Батуллин неожиданно рассердился. Зубы его сверкнули. Лицо исказилось.
– Кто хоронись? Не буду хоронись! – прошипел он и скрылся в голых кустах.
Воропаев глядел на размеренно вздрагивающие ветки кустарника. Верх их еще зеленоватый, а низ уже надел темную шубу зимы, закутавшись дебелым мхом. «Дал маху лейтенант. Уйдет поэзия!» Разговоры о домашности, которым часто предавался Батуллин, светловолосый крановщик называл «поэзией, детским дерьмом». То ли дело Уралмаш или хотя бы Кропотово, товарищеское веселое село, работящее, вдумчивое, где все друг за друга, каждый другому наседка. «Жалко лейтенанта, надо его поберечь: кропотовский парень, оттуда! Только как же это он, при кропотовском уме, маху дал?»

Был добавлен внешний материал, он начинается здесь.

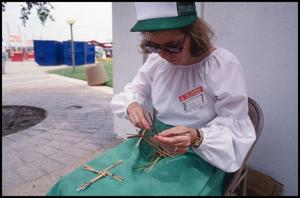Primary view of object titled '[Woman Making a St. Brigid's Cross]'.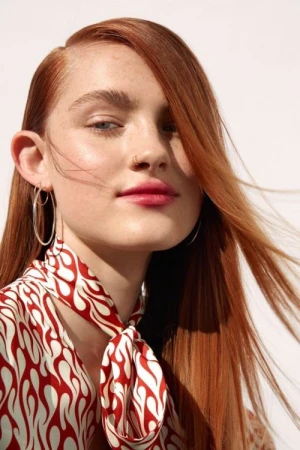Close-up portrait of a woman with red hair and freckles wearing silver hoop earrings and a red and white patterned neck scarf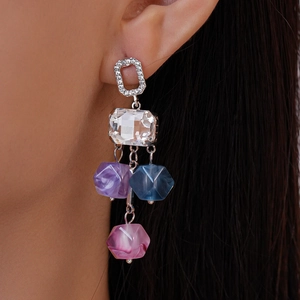 Gros plan de boucles d'oreilles géométriques en argent avec cristaux colorés sur un mannequin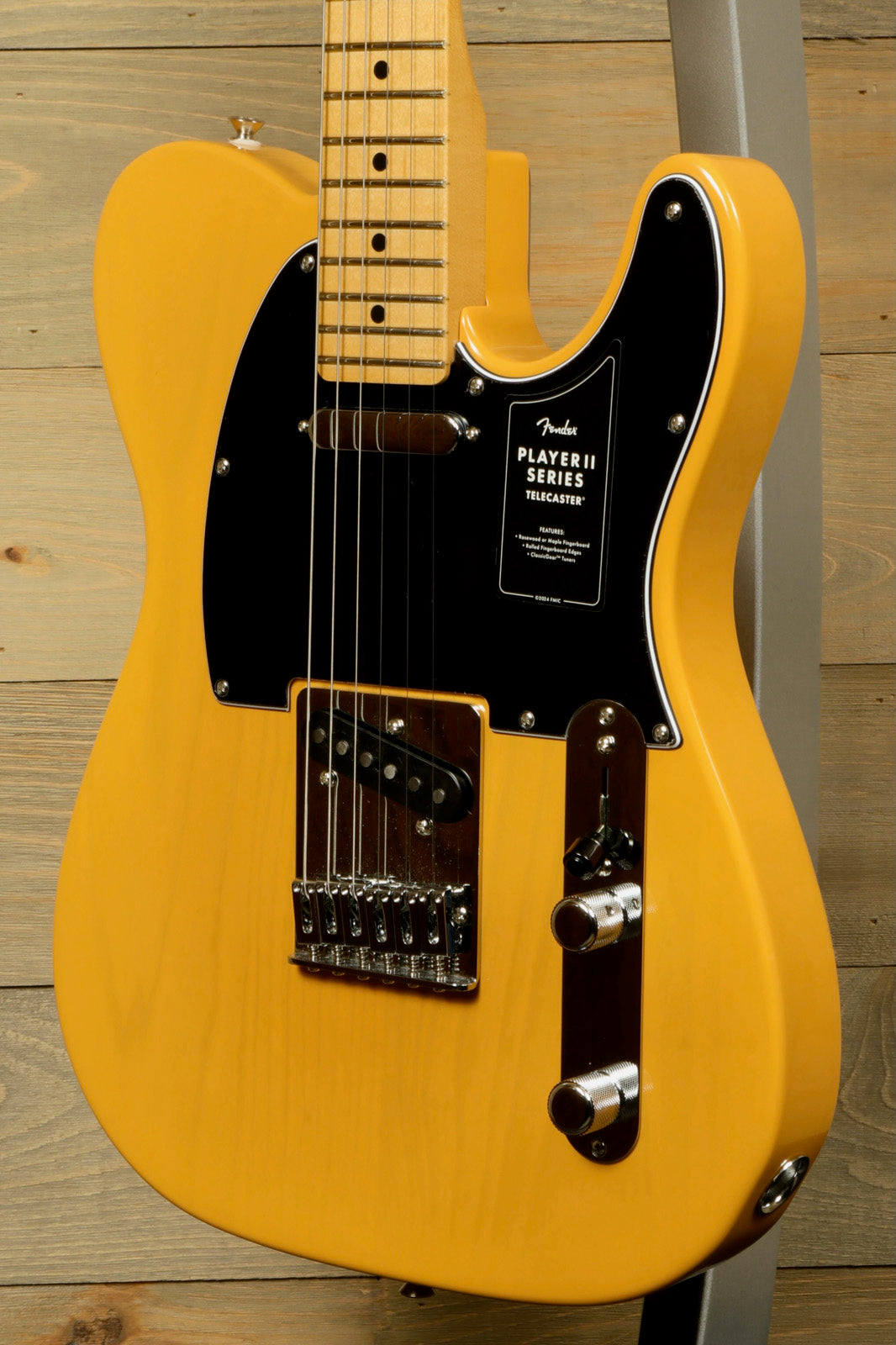 Fender Player II Telecaster in buttercream yellow, front view showcasing the body and neck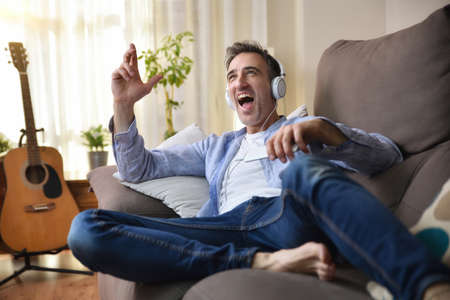 Euphoric adult man laying dancing in sofa listening to music from a mobile with white headphones dressed casual in the living room with window and background guitarの写真素材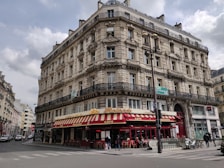 A classic Parisian-style building with intricate architectural details, including ornate balconies and arched windows. The ground floor houses a brasserie with a red and yellow striped awning and outdoor seating. Several people can be seen walking along the sidewalk, and a few vehicles are parked nearby.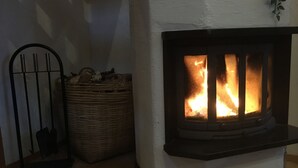 Una chimenea con llamas visibles, una cesta de mimbre y una reja metálica.
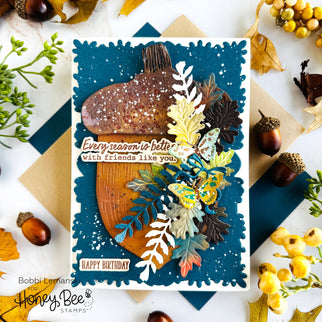 Handmade autumn birthday card featuring an acorn, fall leaves, and butterflies on blue cardstock.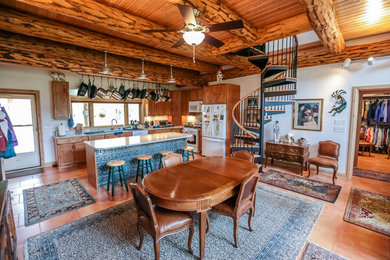 Example of a mountain style home design design in Denver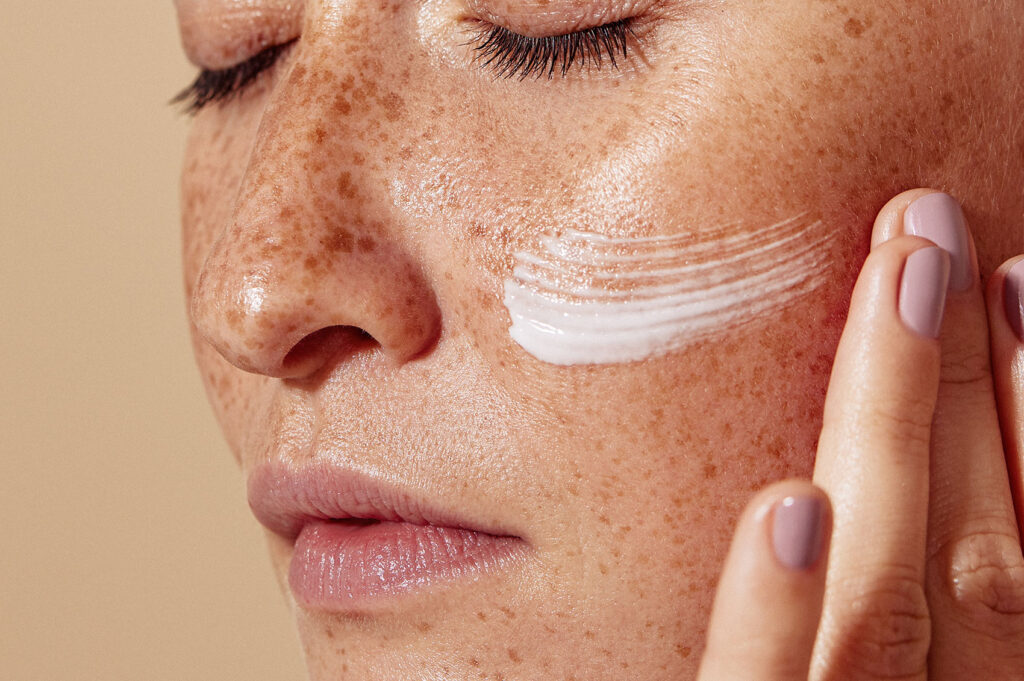 Beauty Blog Close-up of female face with freckled skin stock photo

Но оказалось, что лейтенант маху не дал.
Батуллин вернулся с «языком».
А перед его приходом было жарко.
Батарея, понимая, что все ее спасение в точности работы, действовала с чудовищной, невозможной, казалось, для живых существ точностью. Хотя позиция была новая, но каждый шаг по неровной и незнакомой еще земле был рассчитан сразу: столько-то секунд на проверку. Чутким ухом батарея улавливает в трубке полевого телефона голос корректировщика, что «с пяти попаданий», «с четырех», «с трех»… «объект разрушен». Марк вносит сообщение в клеенчатую тетрадь, широкую, как тот чехол, которым обернуто шелковое знамя, – и да будет она священна, эта тетрадь, как знамя!
Чем сильнее сгущалась ночь, чем ниже спускались осенние тучи, до липкой влаги которых, казалось, достанешь затылком, тем чаще рассыпались пониже туч коварным, серебристо-желтым блеском вражеские ракеты, тем быстрее и удачнее сыпала в ночь, в наступающих немцев третья батарея свои смертоносные, злые снаряды. «Помирать хотите под иллюминацию? Пожалуйста!» – изредка говорил Воропаев, наблюдавший за подноской снарядов.
И ярость, которой был охвачен Марк и которая не исчезла с уходом Батуллина, а еще увеличилась, ужасающим своим восторгом охватывала не одного его, но и всех, стоящих рядом с ним. Подражая своему бешеному лейтенанту, солдаты, как и он, наклоняли головы, расставляли ноги и после залпа глядели на ракеты, будто по их блеску пытаясь угадать: сколько же уничтожено сейчас гитлеровцев?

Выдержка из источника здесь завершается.